[ACTIVITY]
Please keep pictures out and return the lines below exactly, from the one holding "Gorgeous Private 3br 2ba W Bosphorus View" through the last, both included.

[COLLECTED DATA]
——
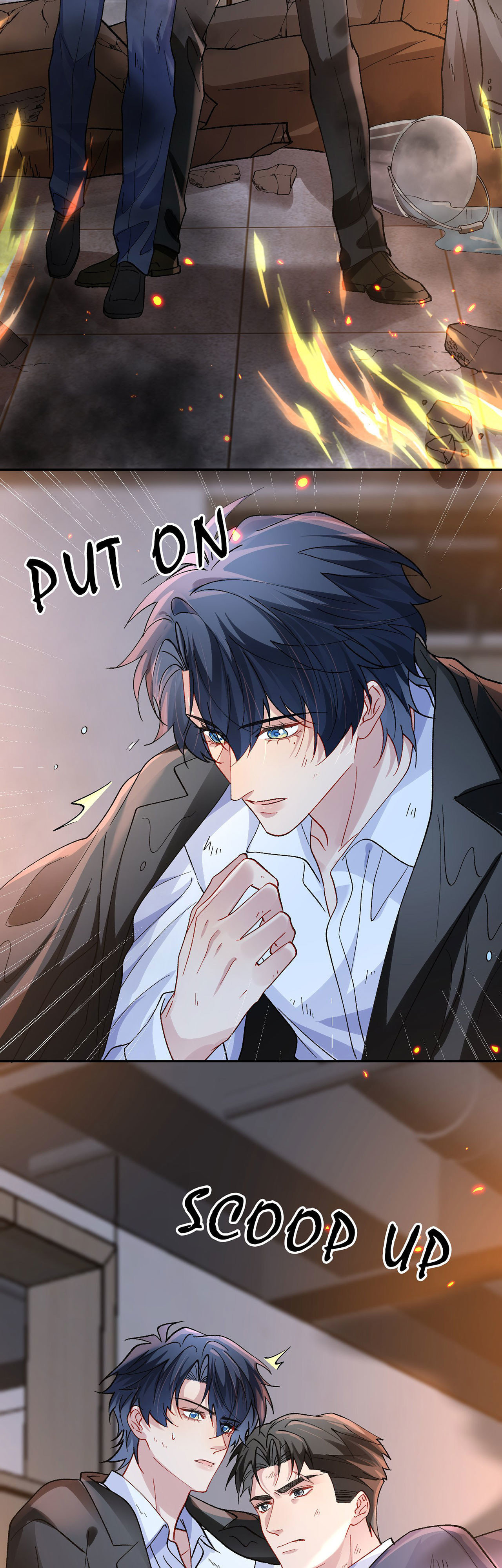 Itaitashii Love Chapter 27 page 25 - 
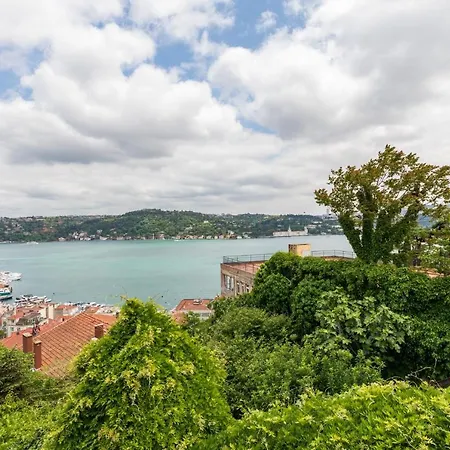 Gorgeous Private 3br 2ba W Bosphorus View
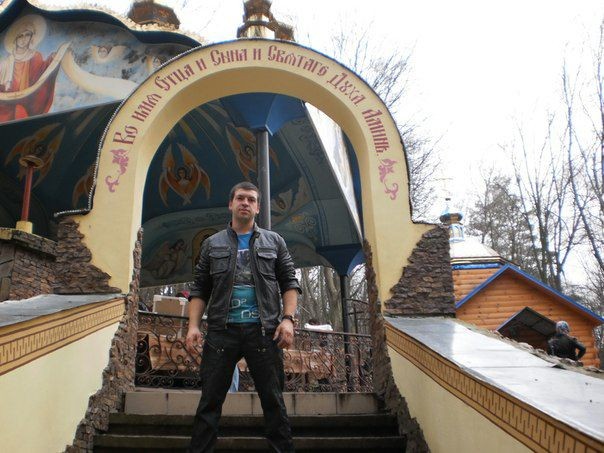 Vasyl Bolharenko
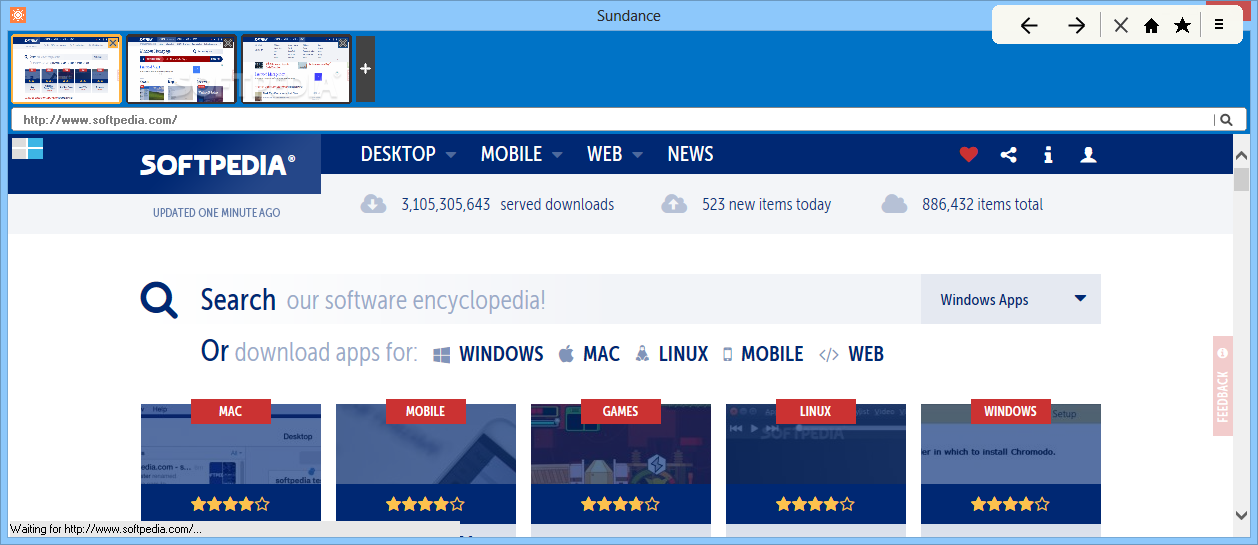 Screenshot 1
——
[EXERCISE SOLUTION]
 Gorgeous Private 3br 2ba W Bosphorus View
 Vasyl Bolharenko
 Screenshot 1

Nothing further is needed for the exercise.